Commenting on the O.J. Simpson trial the other night, Jay Leno pointed out that members of the jury will be paid $5 a day and said that this "kind of shows you where the values are in this country. We pay people who work at McDonald's more money than people who make life-and-death decisions."
That remart struck a chord with me because I had that very day been the recipient of a check for $6 for having spent one long and dreary day as a prospective juror in Tarrant County, Texas.I escaped actual jury service when the woman seated immediately to my right became the 12th and final juror selected to decide the fate of the defendant.
Considering that I had arrived at the Criminal Justice Center at 7:30 a.m. and wasn't released until 5:20 p.m., the $6 remuneration works out to a little less than 71 cents an hour.
Although I had previously served on three juries, I encountered a few surprises this time out.
For one thing, the county deserves praise for streamlining the front end of the process. It used to be that people could spend three days lounging around the central jury room and never move. These days, under a "one day, one trial" rule, if people aren't selected for a jury the first day, they're dismissed.

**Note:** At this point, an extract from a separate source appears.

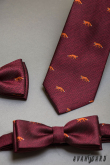Bordó nyakkendő - róka - szélesség 7 cm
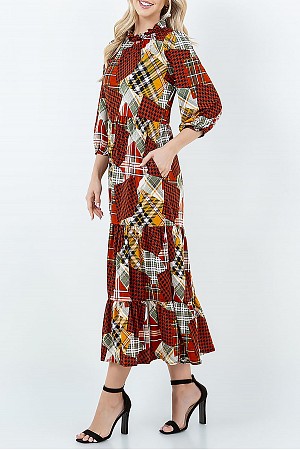 MULTI PATCH WORK PRINT RUFFLE  ...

The questioning of prospective jurors by the prosecutor and the defendant's attorney had its interesting moments, too, even though both - being lawyers - enjoyed the sound of their voices far more than we did.
Both tended to overexplain almost everything, but maybe that's not as bad as it seemed at the time to those of us squirming uncomfortably in the incredibly rigid wooden pews.
A few of the prospective jurors had some sharp questions for the attorneys, too, which in my opinion speaks well for the system. Justice would be ill-served by having 42 zombies to choose from.
I didn't perceive, among my fellow panelists, any particular anxiety to serve on the jury, which is understandable. Carried out properly, jury duty can be exhausting, both physically and emotionally. And there's always the possiblitiy, remote though it may be, that you'll wind up on a case requiring the sequestering of the jury, which brings us back to O.J. Simpson - and to Chicago Tribune cloumnist Bob Greene.
Greene, writing about the Simpson case, said that sequestering's not so bad. In fact, he wrote, "it provides precisely what a significant portion of the population is looking for" - safety. After all, he continued, the jurors "will be housed in a comfortable hotel, guarded by law-enforcement officials from the vagaries of the dastardly world."
Best of all, they'll be spared the endless news accounts of the Simpson case.